We already shared the story of an Uber driver who arrived home to find someone parked in the spot he had shoveled and then ‘saved’ by placing an ‘old bookshelf’ in it. He then exacted revenge on the parking spot thief by shoveling all the snow back in the space, right on top of the car.
Now, hear from the alleged perpetrator.
Emily Ackerman manages a South End restaurant. She moved to Boston six months ago from upstate New York.
When Ackerman left for work on February 8, she gave up a parking spot she had shoveled out, on Eliot Street in Jamaica Plain.
“I didn’t put anything in the spot I dug out,’’Ackerman said. “I didn’t know that I wouldn’t be able to find another spot.’’
That evening, she returned home from work only to find there were no spots available near her apartment.
“I was totally baffled.
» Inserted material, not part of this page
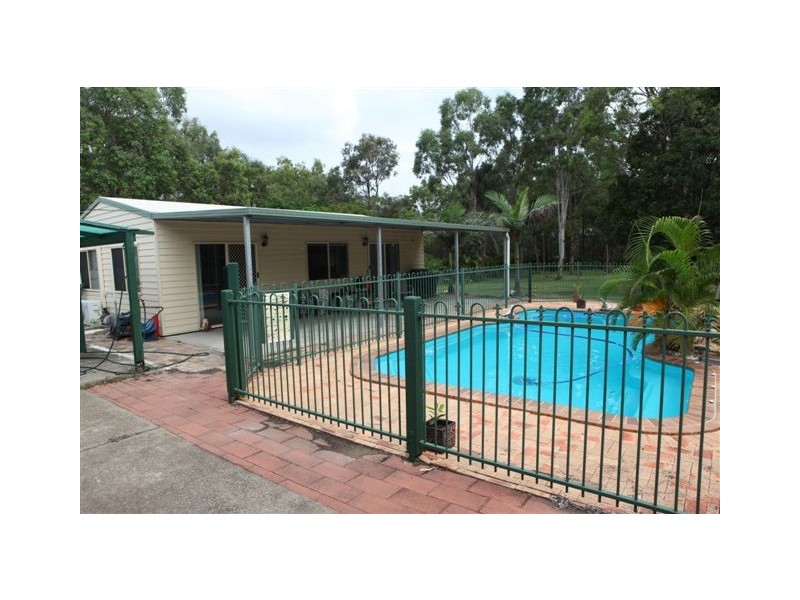 113 Garden Drive, Urangan QLD 4655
I knew I had to find a spot with no marker,’’ she said.
After driving around “for about an hour,’’ Ackerman finally found a spot with no space saver. It was on Dunster Road, almost a half mile from her apartment.
Ackerman now knows that the original shoveler of the Dunster Road parking spot claims to have placed an old bookshelf in the spot to save it.
But she told Boston.com there was no bookcase there by the time she arrived.
“Whether someone took it or what, I don’t know,’’ she said. “I pulled my car in, and didn’t think anything of it. I walked home and went to sleep.’’
Later that night, the Uber driver arrived home from his evening shift, only to find Ackerman’s Monte Carlo with New York plates parked in ‘his’ spot.
He pondered his options, and acted, covering her car by shoveling all the snow back in.
The next day, Ackerman walked the half mile back to the parking spot, only to find her car absolutely buried.
“I called my mom and told her all the other cars have only a foot of snow on them,’’ she said, adding that at first she assumed a plow must have been responsible.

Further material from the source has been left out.